# EXERCISE DESCRIPTION:
Entries below include pictures. Output exactly the lines from the one with "LOUIS-PHILIPPE Ier Médaille, Inauguration" down to the one with "Redmi Note 9", both ends included, and leave the pictures out.

# DATA:
* * * * * * * * *

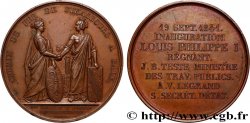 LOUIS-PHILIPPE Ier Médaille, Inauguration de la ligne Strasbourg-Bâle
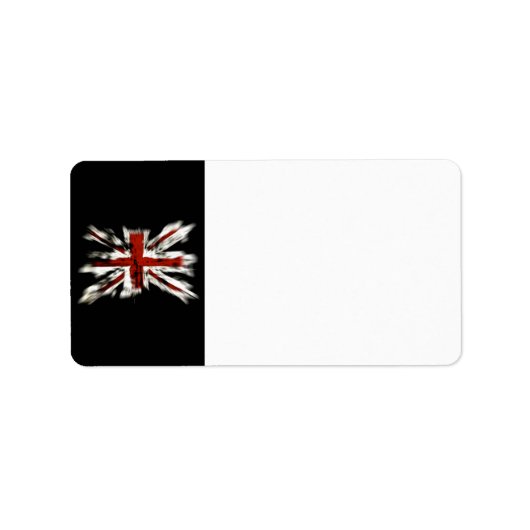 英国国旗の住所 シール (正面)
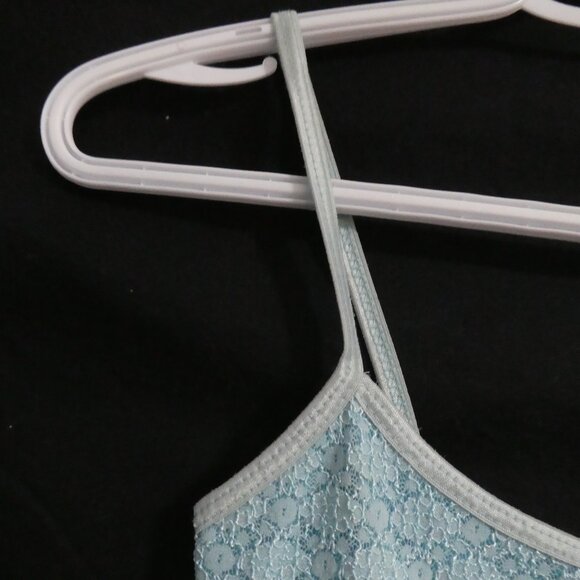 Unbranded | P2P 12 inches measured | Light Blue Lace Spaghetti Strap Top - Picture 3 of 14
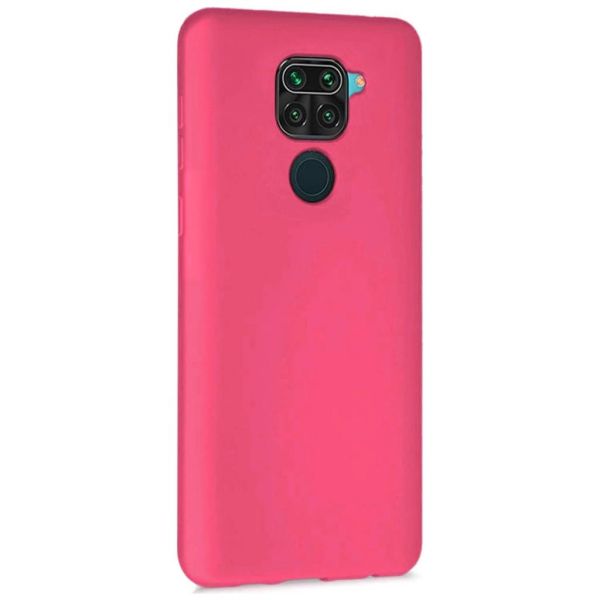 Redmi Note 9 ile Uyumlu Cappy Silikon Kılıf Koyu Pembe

* * * * * * * * *

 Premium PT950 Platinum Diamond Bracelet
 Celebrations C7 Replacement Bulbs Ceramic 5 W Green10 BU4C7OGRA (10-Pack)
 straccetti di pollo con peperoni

* * * * * * * * *

# WRITTEN ANSWER:
 LOUIS-PHILIPPE Ier Médaille, Inauguration de la ligne Strasbourg-Bâle
 英国国旗の住所 シール (正面)
 Unbranded | P2P 12 inches measured | Light Blue Lace Spaghetti Strap Top - Picture 3 of 14
 Redmi Note 9 ile Uyumlu Cappy Silikon Kılıf Koyu Pembe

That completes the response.